Statistics Ch. 2 - Organizing and Summarizing Data
relative frequency equation
relative frequency = frequency / sum of all frequencies
uniform distribution
the frequency of each value of the variable is evenly spread out across the values of a variable
bell-shaped distribution
the highest frequency occurs in the middle and frequencies tail off to the left and right of the middle
upper class limit
the largest value within a class
relative frequency
the proportion (or percent) of observations within a category
lower class limit
the smallest value within a class
skewed left
the tail to the left of the peak is longer than the tail to the right of the peak
skewed right
the tail to the right of the peak is longer than the tail to the left of the peak
relative frequency distribution
Lists each category of data together with the relative frequency. The sum of all the relative frequencies should add up to 1.
time-series data
data collected on the same element for the same variable at different points in time or for different time periods
raw data
data obtained from either observational studies or designed experiments, before it is organized into a meaningful form.
time-series plot
Obtained by plotting the time in which a variable is measured on the horizontal axis and the corresponding value of the variable on the vertical axis. Line segments are then drawn connecting the points.

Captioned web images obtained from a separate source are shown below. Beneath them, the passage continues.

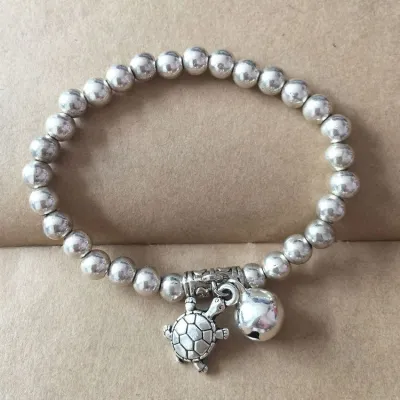 Creative Simple Silver Tone Alloy Bell Design Ethnic Stretchy Bracelet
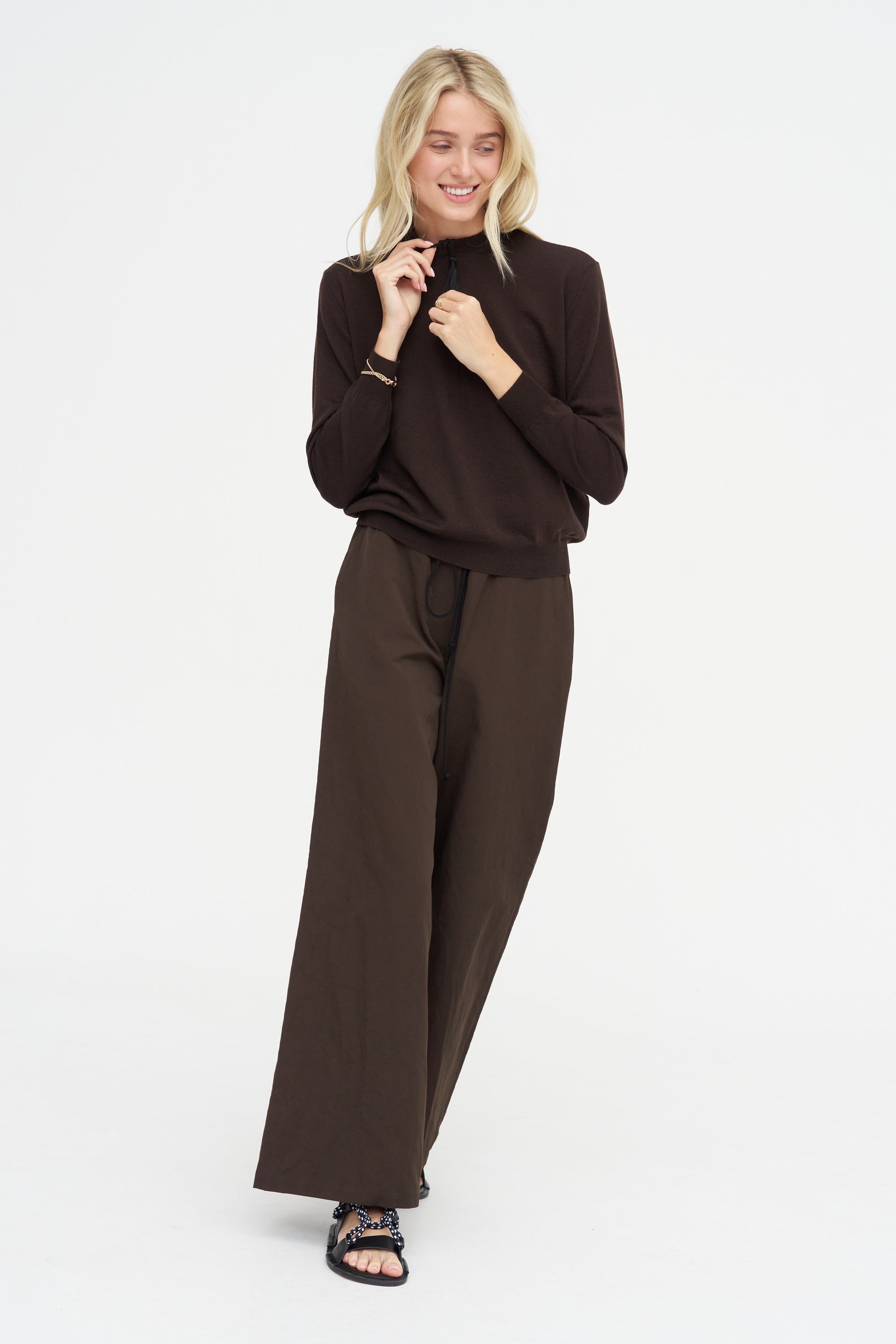 Tassel Tricot Sweater, Brown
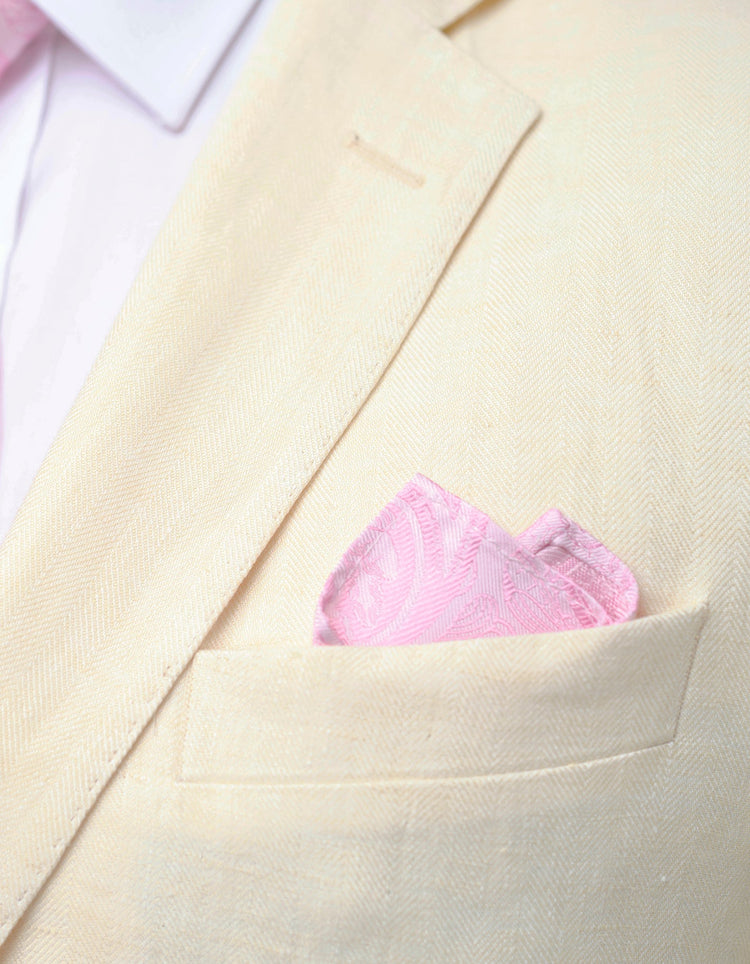 Cream Herringbone Linen Suit - Gresham Blake Online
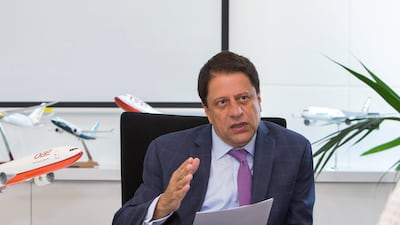 Firoz Tarapore, chief executive of Dubai government-backed Dubai Aerospace Enterprise, said the company has no near-term debt maturities. Leslie Pableo /The National.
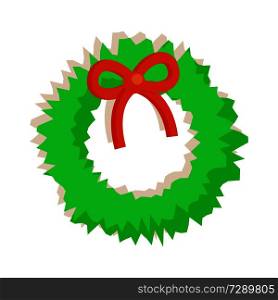 Wreath with bow of red color, green fluffy toy produced at Santa Claus factory at Christmas holiday celebration isolated on vector illustration. Wreath with Bow Fluffy Toy Vector Illustration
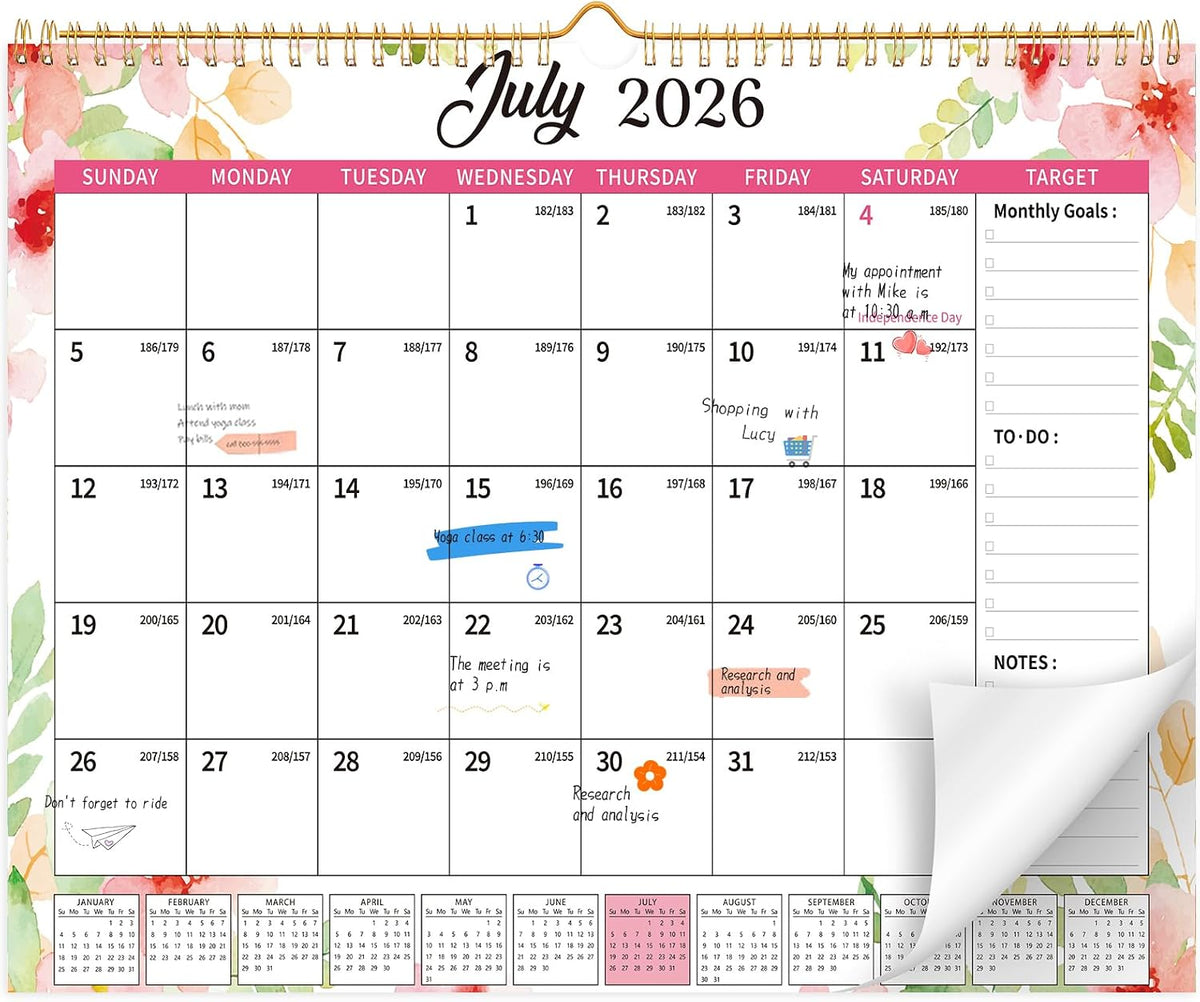 2026-2027 Wall Calendar, 14.5" x 11.8" 18 Month Green Leaves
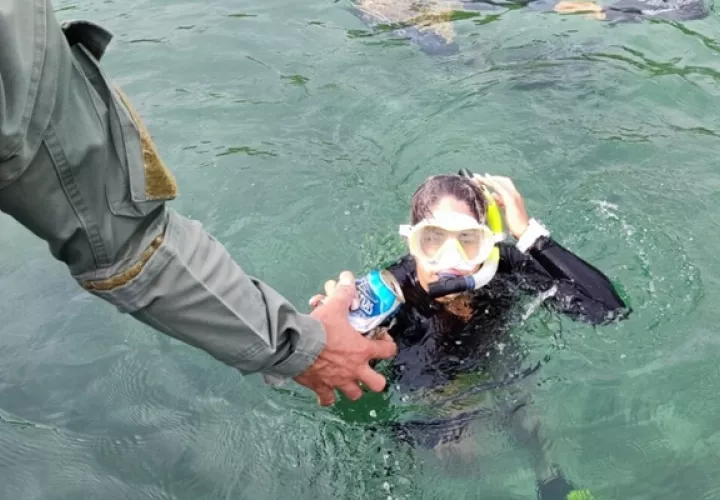 MiAmbiente realizando inspección submarina y vigilancia en Venas Azules en Colón / Foto de MiAmbiente.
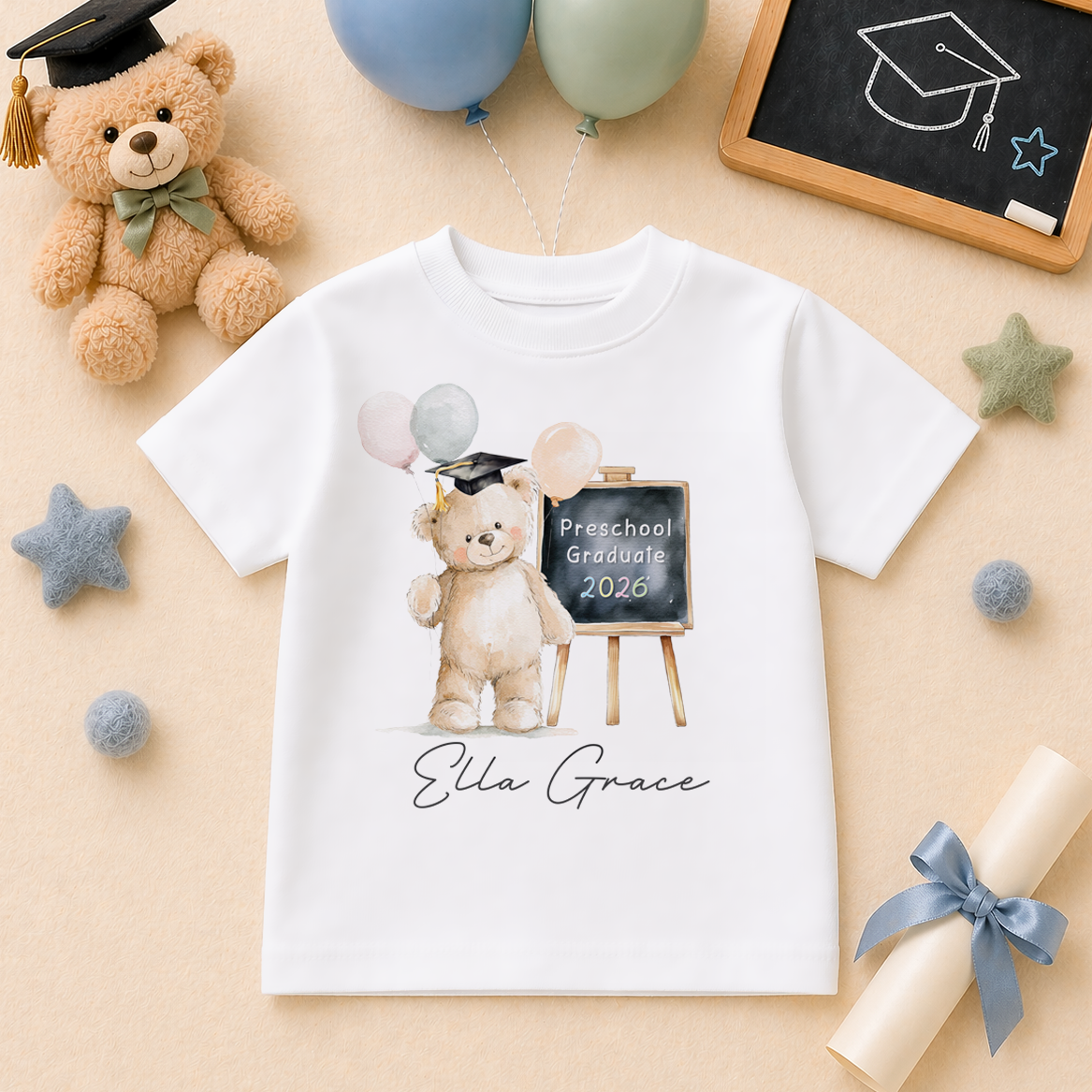 Personalised Preschool Graduation 2026 Kids T-Shirt Teddy Bear Balloons Chalkboard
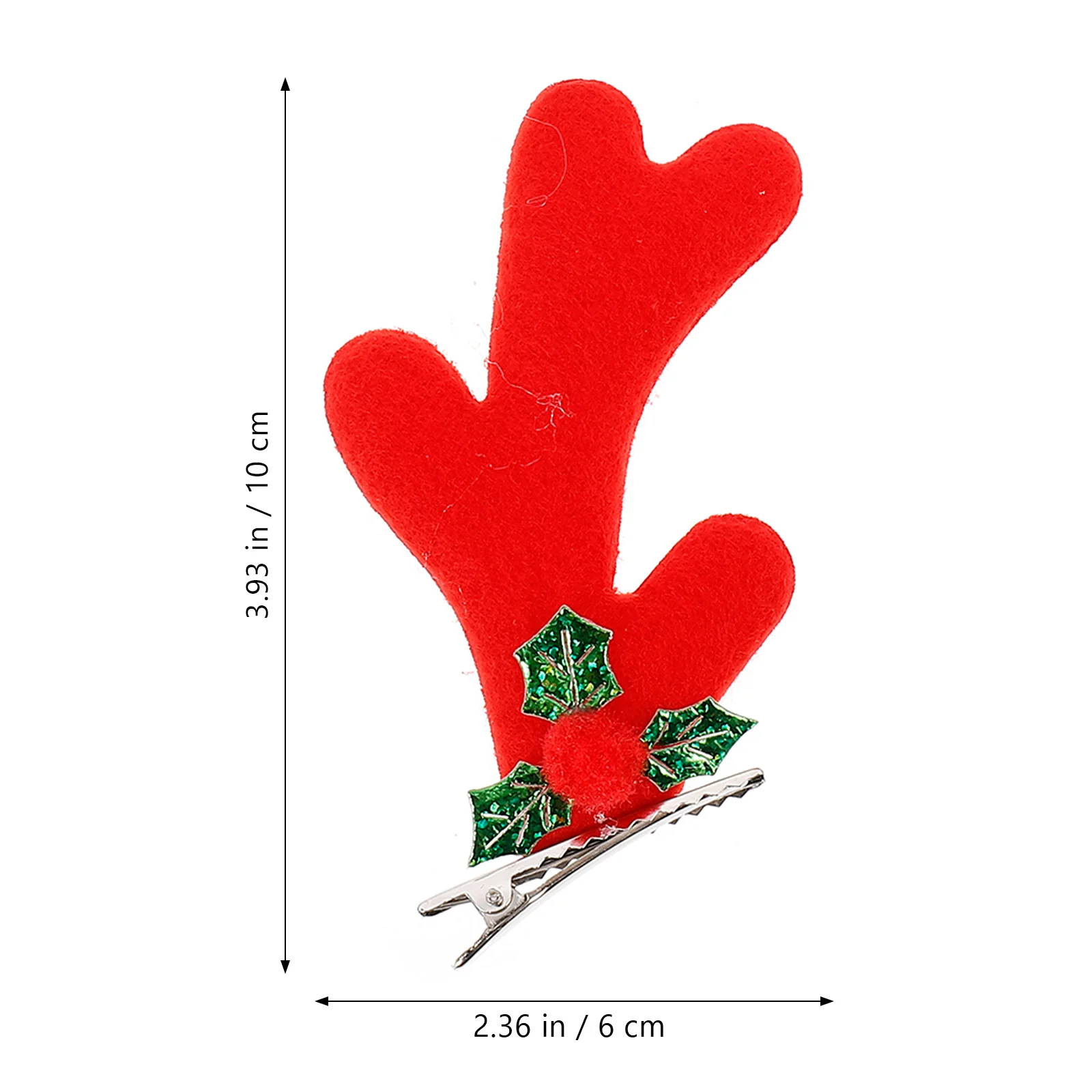 4 قطع من مشابك الشعر على شكل قرن الغزلان، دبابيس شعر على شكل جرس عيد الميلاد، أغطية رأس إبداعية، غطاء رأس مزخرف لحفلات الكرنفال #2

guidelines for constructing good graphics
1. Title and label the graphic axes clearly. Include units of measurement and a data source. 2. Avoid distortion. Never lie about the data. 3. Minimize the white space. Clearly indicate truncated scales. 4. Avoid clutter. 5. Avoid three dimensional graphs. 6. Do not use more than one design in the same graphic. 7. Avoid relative graphs that are devoid of data or scales.
guidelines for determining the lower class limit of the first class and class width
1. choose the lower class limit of the first class by choosing the smallest observation in the data set or a number slightly lower than the smallest observation in the data set 2. determine the class width by deciding on the number of classes, then compute and round up: class width = (largest data value - smallest data value)/number of classes
graphical misrepresentations of data
1. misrepresentation of data 2. misrepresentation of data by manipulating the vertical scale 3. misleading graphs
distribution shapes
1. uniform distribution 2. bell-shaped distribution 3. skewed right 4. skewed left
dot plot
graph drawn by placing each observation horizontally in increasing order and placing a dot above the observation each time it is observed
side-by-side bar graph
Compares two sets of data by aligning the bars for one data set with the bars for another data set, by class. Should be compared using relative frequencies to avoid differences in population sizes.
histogram
Constructed by drawing rectangles for each class of data. The height of each rectangle is the frequency or relative frequency of the class. The width of each rectangle is the same and the rectangles touch each other.
bar graph
Constructed by labeling each category of data on either the horizontal or vertical axis and the frequency or relative frequency of the category on the other axis. Rectangles of equal width are drawn for each category. The height of each rectangle represents the category's frequency or relative frequency.
pie chart
A circle divided into sectors. Each sector represents a category of data. The area of each sector is proportional to the frequency of the category.
Pareto chart
a bar graph whose bars are drawn in decreasing order of frequency or relative frequency
open ended
a class whose first class has no lower class limit, or whose last class has no upper limit
deceptive graph
a graph that purposely attempts to create an incorrect impression
misleading graph
a graph that unintentionally creates an incorrect impression
stem-and-leaf plot
a method of representing quantitative data graphically by using the digits to the left of the rightmost digit to for the stem, and the rightmost digits to form the leaf
frequency distribution
lists each category of data and the number of occurrences for each category of data
class width
the difference between consecutive lower class limits